Does the feds,police ect,use something to look thru to see marijuana growing? cause when I go out to look at mine I can barely find them among the other weeds, buches, trees, but the reason Im asking is I planted a bunch of good seeds and dont know exactily where  big big woods and WE WERE STONED 4 MONTHS AGO????when we planted, found all our other plants ,upside down now I will let you know how it turned out,


----------



## lyfr (Oct 6, 2008)

> do the cops have something that they can see pot growing?

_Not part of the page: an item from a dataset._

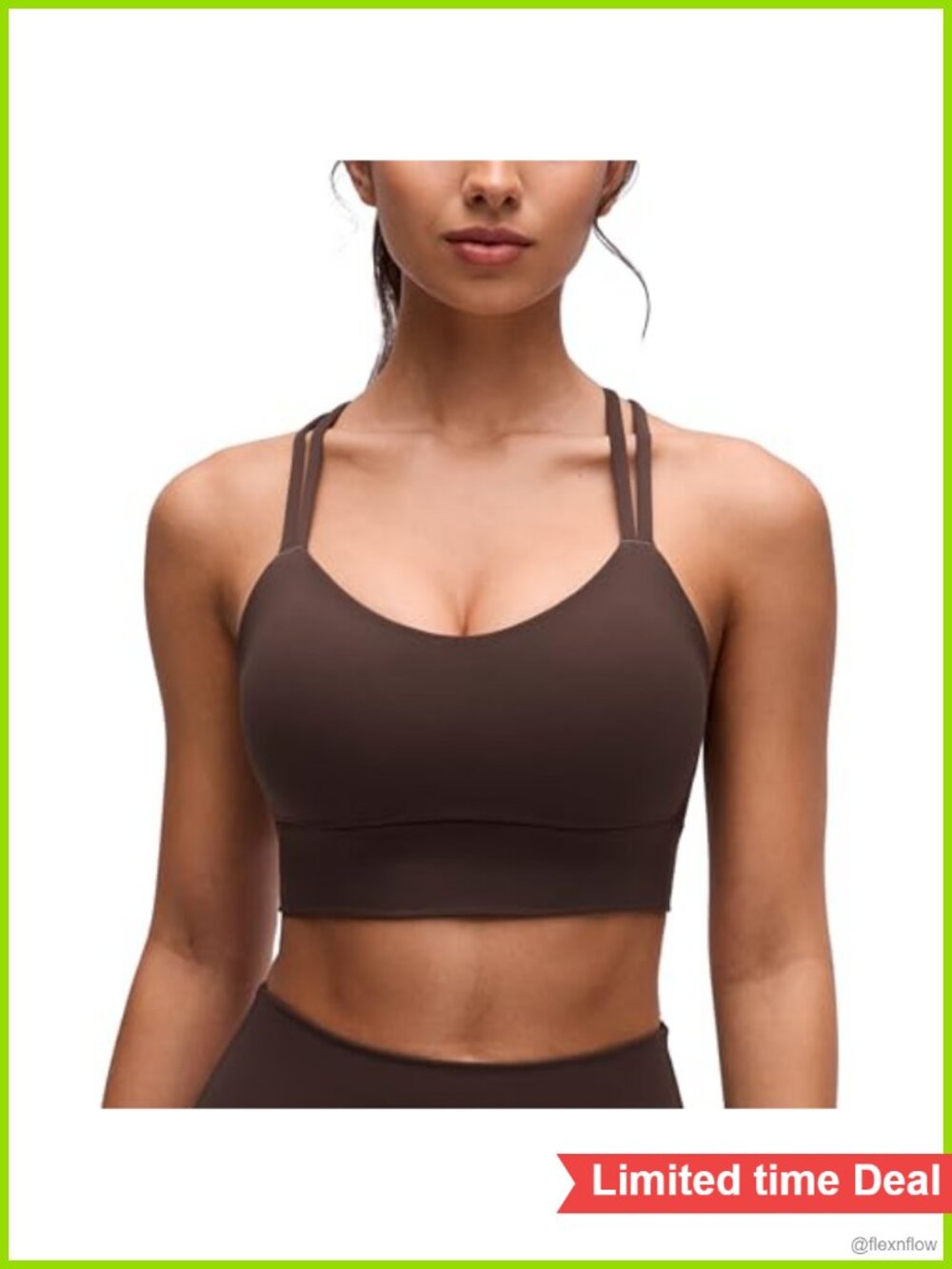 CRZ YOGA Butterluxe Molded Cup Strappy Sports Bra Light Support Yoga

 eye's, binoculars, and snitches are the only somethings i know about...cept thermal for indoor detection


----------



## Puffin Afatty (Oct 6, 2008)

*you may be talking about infrared spectography or some such, basically it identifies a particular plant by it's infrared reflective/refractive signature, with it they can identify 1 plant amoung others *


----------



## SFC (Oct 6, 2008)

And the infrared spectrometry is mostly **. The technology to do so would be crazy expensive.  Fact is you watch them flying you will see they do their work with Binoculars.  Here in the USA if they use thermal imaging on you to investigate you prior to searching and it is discovered by your attorney during discovery your case would be thrown out. It is illegal for them to do so. Not that that has ever stopped them before.  

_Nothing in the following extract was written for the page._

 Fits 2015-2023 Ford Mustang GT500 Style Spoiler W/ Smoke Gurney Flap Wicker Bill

Now, if you are stealing power you open yourself up on yet another front. The power company can,and does use thermal imaging to track down power thieves.  

I own a FLIR SD cam. With a 600 watt basement grow you cannot see any heat signature outside. That is 8" of concrete, with a an R-13 bat insulated interior wall.  So relax, unless you are playing in the big leagues.


----------



## ricklee22 (Oct 6, 2008)

A friend of mine said that the thermal cams can only read up to a certain heigth. He would grow up a hill outdoors and the choppers couldn't detect the heat.


----------



## PUFF MONKEY (Oct 6, 2008)

ricklee22 said:
			
		

> A friend of mine said that the thermal cams can only read up to a certain heigth. He would grow up a hill outdoors and the choppers couldn't detect the heat.


what ???lolololol


----------



## slowmo77 (Oct 6, 2008)

you mean they can't count the hairs on my butt through my roof, roofing, insulation, and ceiling from a satelite in space? and all this time i've been moonin them! what a waste


----------



## umbra (Oct 7, 2008)

what can be seen from the air is much different from what can be seen from the ground. they look for tell tale signs. plants planted in rows, trails from a water source, TRASH that shouldn't be there. a white plastic bag stands out amoung green plants quite well from the air. watering jugs, fertilizer containers, farming tools are suspicious in the middle of no where.


----------



## FINKELSTEINSHITKID (Oct 7, 2008)

Thanks you guys ore awesome,,


----------



## Super Skunk (Oct 7, 2008)

I do know for a fact that the county police in some states (southwestern Arkansas) use a national gaurd chopper with some sort of thermal imaging device. It is only effective if there are a group of plants together from what the cops told me. Two times a year they dress in camo and get to ride in an army chopper, makes the power trip cops really hard to deal with for a while. I was also told any piece of trash really shows up. I have used pieces of aluminum foil to direct them far from my stash. Just go for a nature walk tearing foil, and dropping it on the ground. I think greed gets most of us caught. I have used silk flowers in my large outdoor plants to conseal them. I live in a crowded neighborhood. Most don't even take a second look.


----------



## papabeach1 (Oct 8, 2008)

anything can be seen in FLIR if yall grow it with high watt lights, unless yall are in the basement then nothing to worry about...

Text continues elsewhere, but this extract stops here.